カー・マスコットは、もともとクルマの持ち主が自分の好みに応じて「所有」を誇示するところから生まれたのもので、あるオーナーは象牙製の妖精像を、また別のオーナーはステンレス・スチールで注文したとも資料にある。
▲現在のマスコットは収納できるようにデザインされている
また、彫刻家サイクスが好んで制作したカー・マスコットには、ベントレーのために作った、翼をもった「飛翔するB」という作品や、ファントム3のための「ひざまずく婦人」があるが、一般的にR―R車に飾られている「恍惚の妖精」は、風に向かう女性のスカーフが大きくふくらんで、鳥の翼に見まがう像になっているのが多い。
フランスのモンターギュ公2世が勧めて彫刻家サイクスに原型を考えさせたといわれ、少女がモデルである。サイクスは、「新鮮な大気への旅立ちと、はためく掛布のひだが奏でる音楽への旅を表現したものだ」と説明している。
▲彫刻家のチャールズ・サイクス(右)と娘さん
それにしても、カー・マスコットはオーナーの気持ちをくすぐる「地位の象徴」であろう。最近では、アメリカや中近東、そして富裕層の多い外国の市場向けに、R―R社もそれなりに強烈な色彩のマスコットを用意したり、ビニール製のファッション・マスコットもつけているという、しかも、伝統を別にするならば、金のマスコットも大いに結構、としているそうである。
R―Rのクルマが開発した技術の数々は、その名声とともに自動車産業の中に脈々と生きている。R―R40/50で使われた技術の中でエンジン冷却装置は、いまなお最新モデルに継承されているとも記録されるほどだ。
▲1952年ロールス・ロイス・シルバードーン
▲女王エリザベス2世のファントム6ステートリムジン
しかし、死や病気は、不世出のゴッドファーザーたちでも避けられない運命だった。1910年7月11日、ロールスはライト複葉機で飛行中、バーネマウスの上空で事故を起こして墜落死してしまう。
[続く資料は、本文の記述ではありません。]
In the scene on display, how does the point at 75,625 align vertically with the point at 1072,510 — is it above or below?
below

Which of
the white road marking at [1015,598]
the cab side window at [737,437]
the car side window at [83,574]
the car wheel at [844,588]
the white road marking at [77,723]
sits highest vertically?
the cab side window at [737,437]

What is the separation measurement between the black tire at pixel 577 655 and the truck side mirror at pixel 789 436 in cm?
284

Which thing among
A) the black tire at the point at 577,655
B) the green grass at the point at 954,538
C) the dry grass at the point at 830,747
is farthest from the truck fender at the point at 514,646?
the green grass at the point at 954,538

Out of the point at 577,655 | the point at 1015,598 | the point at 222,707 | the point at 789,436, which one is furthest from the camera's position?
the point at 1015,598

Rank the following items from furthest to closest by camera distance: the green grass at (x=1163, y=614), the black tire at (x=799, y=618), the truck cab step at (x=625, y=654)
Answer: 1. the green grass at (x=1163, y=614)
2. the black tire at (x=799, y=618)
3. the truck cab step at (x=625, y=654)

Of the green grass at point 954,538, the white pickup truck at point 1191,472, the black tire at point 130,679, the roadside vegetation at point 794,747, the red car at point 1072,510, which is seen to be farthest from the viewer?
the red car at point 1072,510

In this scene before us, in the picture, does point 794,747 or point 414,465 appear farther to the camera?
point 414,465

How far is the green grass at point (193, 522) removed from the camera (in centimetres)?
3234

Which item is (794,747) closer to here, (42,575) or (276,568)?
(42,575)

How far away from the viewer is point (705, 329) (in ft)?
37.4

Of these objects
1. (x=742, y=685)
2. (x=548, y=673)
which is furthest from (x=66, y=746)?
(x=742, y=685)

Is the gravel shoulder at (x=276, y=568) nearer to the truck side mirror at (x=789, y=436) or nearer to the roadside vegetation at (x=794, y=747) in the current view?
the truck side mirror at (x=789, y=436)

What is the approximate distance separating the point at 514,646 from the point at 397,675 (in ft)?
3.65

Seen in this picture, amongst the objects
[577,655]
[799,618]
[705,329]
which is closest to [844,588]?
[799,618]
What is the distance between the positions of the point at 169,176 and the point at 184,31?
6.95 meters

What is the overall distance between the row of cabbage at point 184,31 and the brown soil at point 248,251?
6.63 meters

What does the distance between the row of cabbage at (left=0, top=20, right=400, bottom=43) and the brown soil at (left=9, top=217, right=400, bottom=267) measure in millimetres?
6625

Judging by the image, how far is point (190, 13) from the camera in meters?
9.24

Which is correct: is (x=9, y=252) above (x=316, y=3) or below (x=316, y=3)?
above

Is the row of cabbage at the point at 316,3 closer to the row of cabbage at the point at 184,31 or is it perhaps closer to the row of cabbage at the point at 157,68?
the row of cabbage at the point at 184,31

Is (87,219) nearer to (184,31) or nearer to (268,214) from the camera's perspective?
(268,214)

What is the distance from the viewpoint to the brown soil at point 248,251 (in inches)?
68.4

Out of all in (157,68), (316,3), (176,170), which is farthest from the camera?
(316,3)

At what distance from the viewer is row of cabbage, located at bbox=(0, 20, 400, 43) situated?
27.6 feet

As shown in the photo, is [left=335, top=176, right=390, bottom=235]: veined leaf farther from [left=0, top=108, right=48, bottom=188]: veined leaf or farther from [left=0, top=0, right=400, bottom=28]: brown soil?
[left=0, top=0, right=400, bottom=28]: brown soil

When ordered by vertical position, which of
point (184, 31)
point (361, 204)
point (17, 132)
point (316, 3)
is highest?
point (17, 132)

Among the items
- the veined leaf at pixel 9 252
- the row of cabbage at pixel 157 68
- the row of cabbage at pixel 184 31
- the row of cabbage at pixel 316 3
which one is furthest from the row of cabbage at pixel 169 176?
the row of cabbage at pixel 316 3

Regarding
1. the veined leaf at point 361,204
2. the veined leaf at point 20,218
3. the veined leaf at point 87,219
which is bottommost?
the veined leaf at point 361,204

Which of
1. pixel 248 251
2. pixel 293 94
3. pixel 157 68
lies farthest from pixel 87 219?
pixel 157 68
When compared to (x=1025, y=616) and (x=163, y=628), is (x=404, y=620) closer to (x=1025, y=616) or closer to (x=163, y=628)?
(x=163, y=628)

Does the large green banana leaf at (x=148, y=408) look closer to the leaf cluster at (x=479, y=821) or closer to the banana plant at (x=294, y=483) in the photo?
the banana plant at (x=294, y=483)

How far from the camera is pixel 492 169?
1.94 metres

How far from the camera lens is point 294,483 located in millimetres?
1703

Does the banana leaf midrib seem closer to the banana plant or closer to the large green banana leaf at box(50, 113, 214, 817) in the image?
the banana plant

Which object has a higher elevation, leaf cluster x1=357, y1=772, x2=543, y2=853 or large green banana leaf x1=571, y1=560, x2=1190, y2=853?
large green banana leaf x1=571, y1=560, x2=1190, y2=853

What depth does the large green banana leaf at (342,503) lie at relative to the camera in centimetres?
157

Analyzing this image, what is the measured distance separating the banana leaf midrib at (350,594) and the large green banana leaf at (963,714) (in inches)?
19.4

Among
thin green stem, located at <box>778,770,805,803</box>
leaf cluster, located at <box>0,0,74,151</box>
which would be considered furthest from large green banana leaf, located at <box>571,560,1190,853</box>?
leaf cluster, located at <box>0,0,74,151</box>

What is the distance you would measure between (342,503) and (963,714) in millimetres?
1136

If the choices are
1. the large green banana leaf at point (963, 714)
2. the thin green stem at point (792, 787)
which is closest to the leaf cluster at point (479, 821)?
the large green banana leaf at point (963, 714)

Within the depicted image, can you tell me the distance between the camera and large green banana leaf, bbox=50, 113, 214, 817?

生涯の同志だったロイスもまた、翌年、多年の過労とロールスの急死のショックで病に倒れ、以来、南仏リビエラの最南端にあるル・カナデルの別荘で病床の晩年をすごさなければならなかった。
シルバーゴーストをこの上なく愛したアラビアのロレンスも、1935年5月、オートバイ事故で激突死する。
偉人たちはみんな歴史の彼方へ去ってしまったのである。